■ Task details ■
Exact reproduction of the listing is required. Pictures are not reproduced.

*** Provided records Section Begins ***

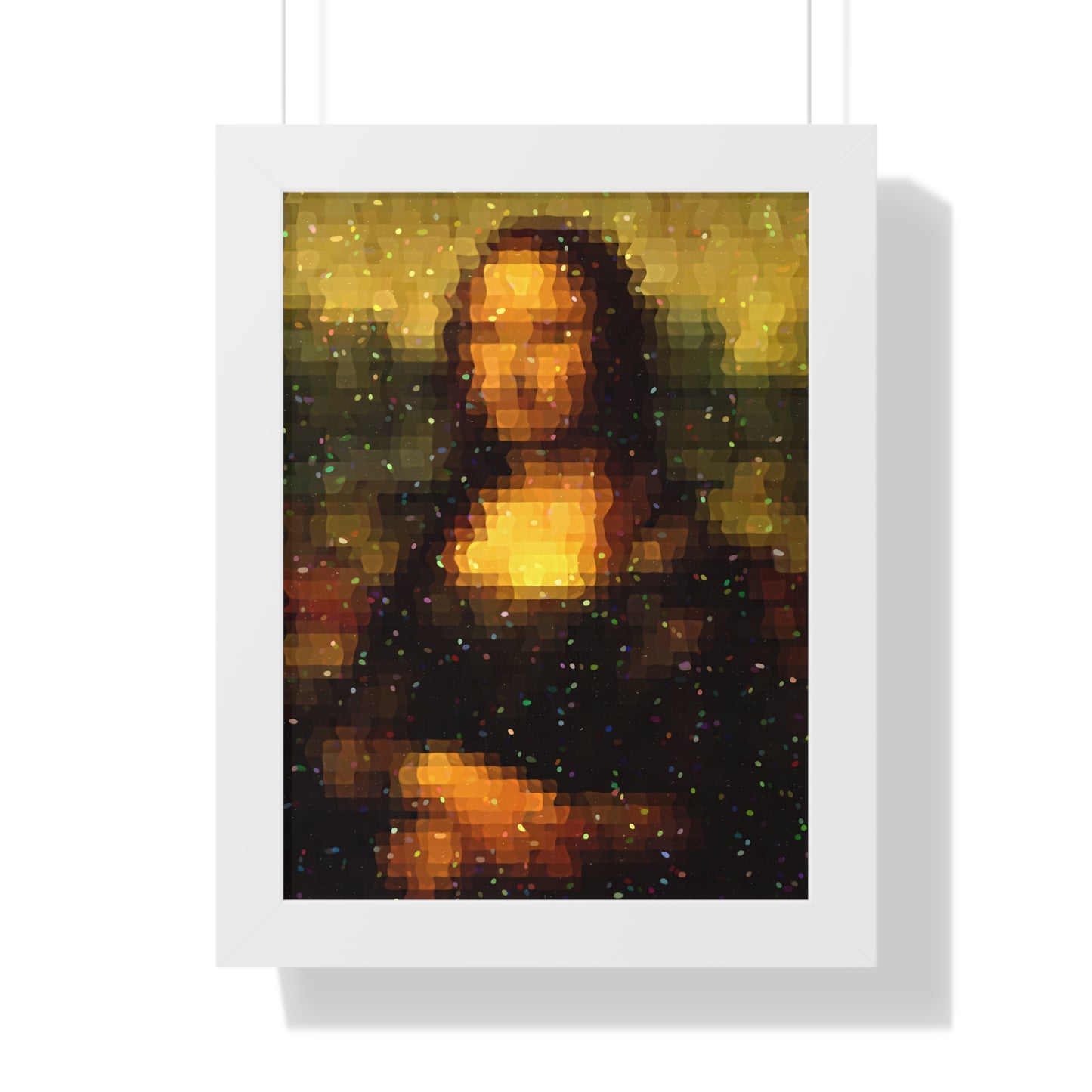 Pixel Muse — Silent Smile - Framed Poster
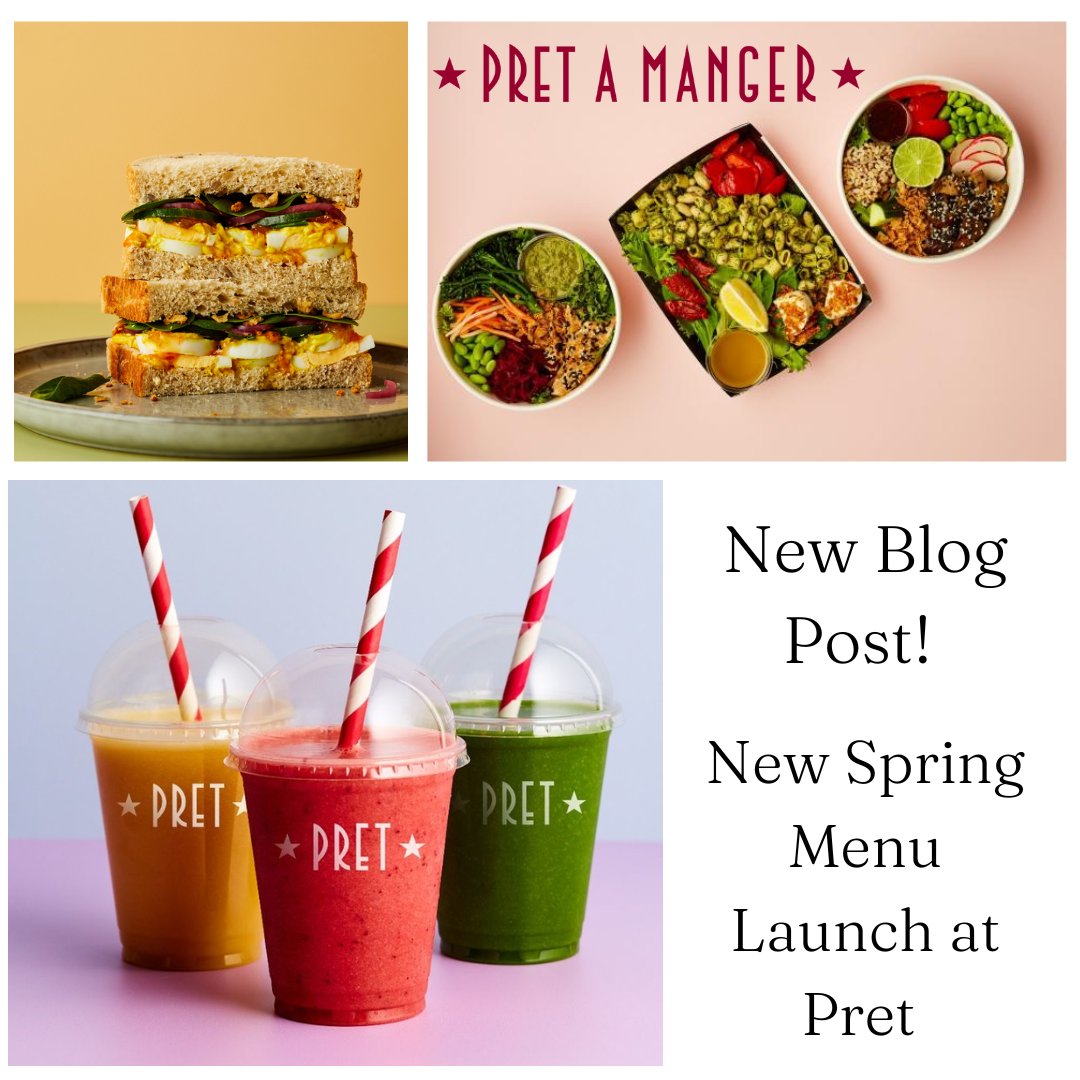 Zing into spring with Pret A Manger's new colourful Spring menu! 

Last month I was lucky enough to preview the new menu before its official launch. Check out the most recent blog to see what this vibrant new menu includes. 

To find out more: 
keepingupwithkayflawless.com/new-spring-men…

#KUWKF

*** Provided records Section Ends ***

■ Task output ■
 Pixel Muse — Silent Smile - Framed Poster
 Zing into spring with Pret A Manger's new colourful Spring menu! 

Last month I was lucky enough to preview the new menu before its official launch. Check out the most recent blog to see what this vibrant new menu includes. 

To find out more: 
keepingupwithkayflawless.com/new-spring-men…

#KUWKF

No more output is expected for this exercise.